Yeah, I'd say that fits pretty well.
I find it sort of ironic that stress and depression seem to be a hot topic in the updates I've been looking through this morning (haven't had time to check the blogs in a bit), with the fact that I've been looking a lot at just how much I let things get to me, and how I often react to the situations around me. You wouldn't see it from outside closed doors, or without coming up on what is meant to be a suddenly-needed private moment, but I'm a very easily cracked person. I typically handle these things on my own, trying to hide them even from my fiance', because I know it upsets him to see me upset, but I lose my cool more often than not.
It's been years since I first began to wonder if I might suffer from depression, anxiety disorder, or some other form of stress-inducing something-or-other. I've never really looked into it, because I figured I was just being silly, that I'm just a high stress kind of person or something. Here lately, though, I've begun to really wonder again...

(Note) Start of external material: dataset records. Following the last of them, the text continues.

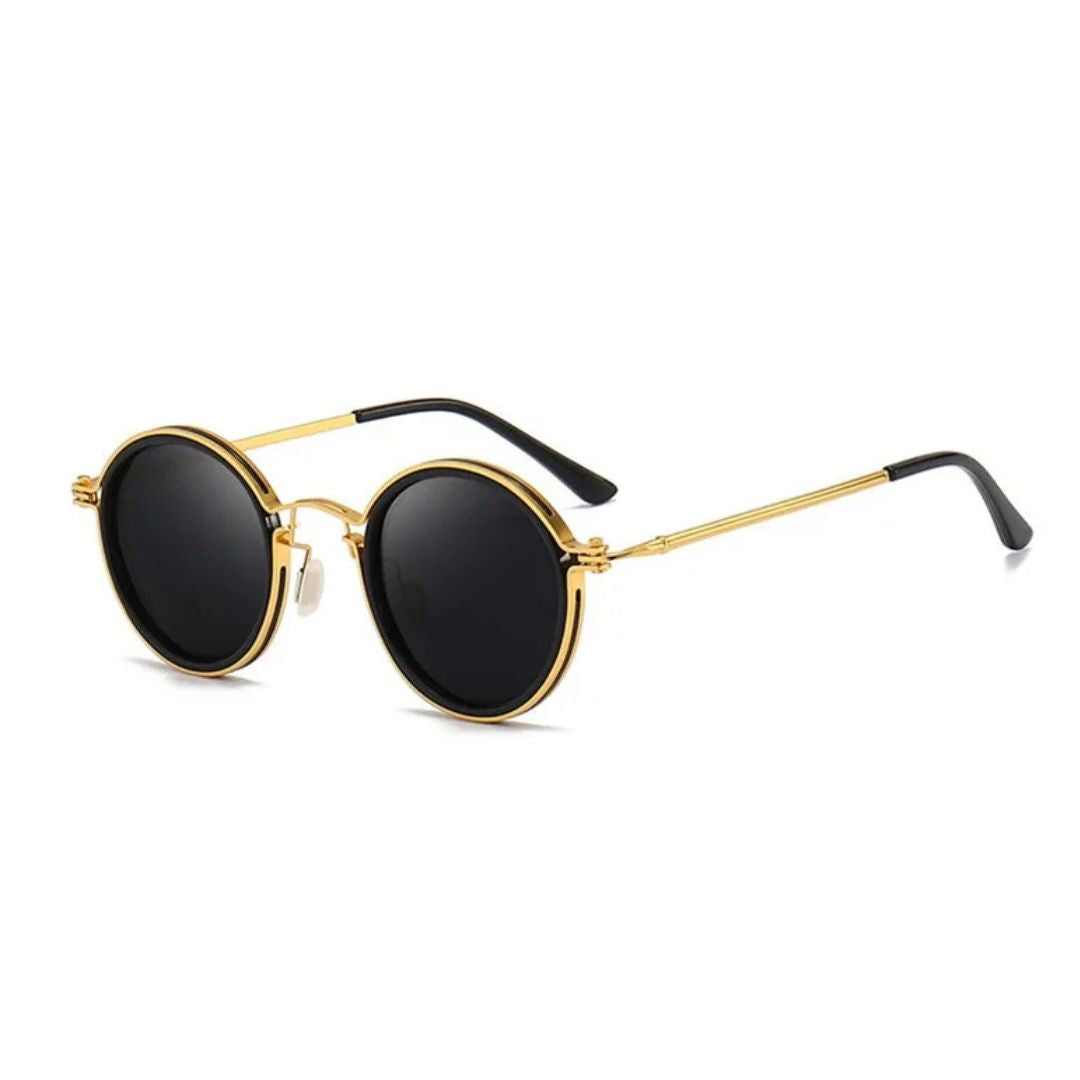 First Lens Clarven UV400 sunglasses – premium unisex eyewear with UV protection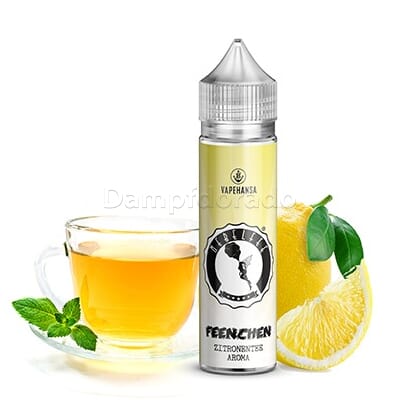 Aroma Zitronentee Feenchen
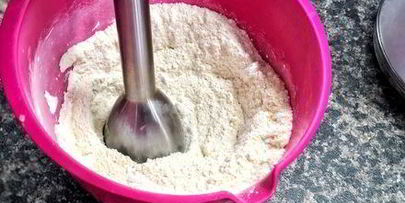 пирожные макароны на французской меренге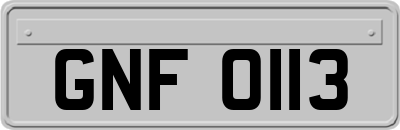 GNF0113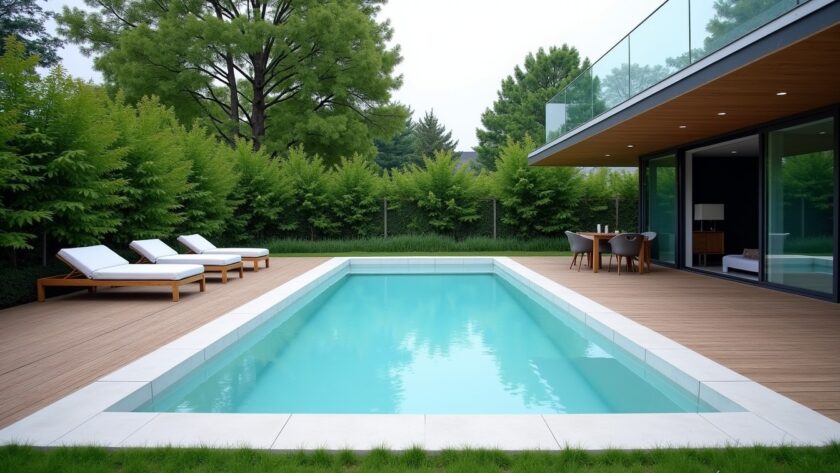 Piscines au sel en 2025 : tout ce qu’il faut comprendre sur leur interdiction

Maybe it's just because we have a lot of stress points lately, but it's really started to make me think about looking into the whole thing. We just moved into an apartment, so money has been tight this first month with getting things to stock the place, buying more groceries than we used to need to buy, pulling an extra chunk out of each paycheck for the new bills, along with what we pull out for the preexisting bills, etc. On top of that, I've got this pain in my arse at work who seems to think he is just about the greatest thing since sliced bread. He has not only lied about me, lied to me, stabbed me in the back, and tried to do the same to others, but is also now the cause of my being pulled out of the cafe' (a job I absolutely loved) and being put on the book floor (a job I absolutely hate... mostly due to the disorder everyone else leaves it in). Let's top his list off with the fact that he has also attempted to spread rumors about my fiance' around the workplace. At this point, one more thing out of him is earning him a report to Corporate about Harrassment. Now, put in with that the fact that I just got off my pill due to insurance running out, no time to get new insurance, and no extra money to do so either... so my hormones are out of whack, and my oh-so-wonderful time 'o the month keeps coming later and later. Last month, it was two days, which is enough to freak me out for those two days since I've always (even before pills) been a same-day-every-month person. This month, it was almost a week, and I was losing my mind. This may not sound like a huge deal to other women who are used to theirs coming at different days and that sort of thing, but, for me, it's completely unheard of... and sends me over the deep end every time.
I've always freaked over the little things. Always. I've always been easily depressed. Always. What I've now begun asking myself is whether I shouldn't see a doctor, whether I shouldn't make sure that this is (or isn't) just me being me. Sure, there's more points for the stress to come from now, but that doesn't really explain why I've always been this way. And, of course, with more stress points, it's become worse. I find myself randomly crying for unknown reasons at least once a month now... it used to be once every few. I find myself laughing less, and less talkative. It took me some time to open up to my friends here, and now I find myself slinking back into that little corner that I was in when I first moved. Sure, I'm still comfortable with them and all, and I still see them as my friends, but I'm too busy thinking about everything else going on, all the little worries, and what-not, to even think about anything else half the time. My random comments here and there are usually only sparked by conversations I've been side-lining for at least ten to fifteen minutes, and just finally worked up the nerve to interject on. This is coming from a usually very talkative (once open) person.
I dunno. Maybe these things are normal, and I'm simply overreacting.
Are you a high-stress person? Do the little things get to you, or is it just the big ones you actually stress over? Have you ever found yourself unintentially withdrawing yourself from your friends and family? And the big one, how do you cope with stress?
Comments (2)
Honestly, you sound depressed. Mildly anyway. Stress can also effect your period.
I read this today. You may want to take a peek.
Thanks so much for this link. I think I'm going to try to pull some of the things from there into how we do things around here, and, if all goes well, it will help to take the stress out of some things. Just got off the phone with my mother as well and, as long as ticket prices don't go any higher, it sounds like we'll be getting a short vacation here soon. Last time we had a vacation, it really helped us relax and be able to get back into the swing of things for a while, so I'm hoping the same will happen this time.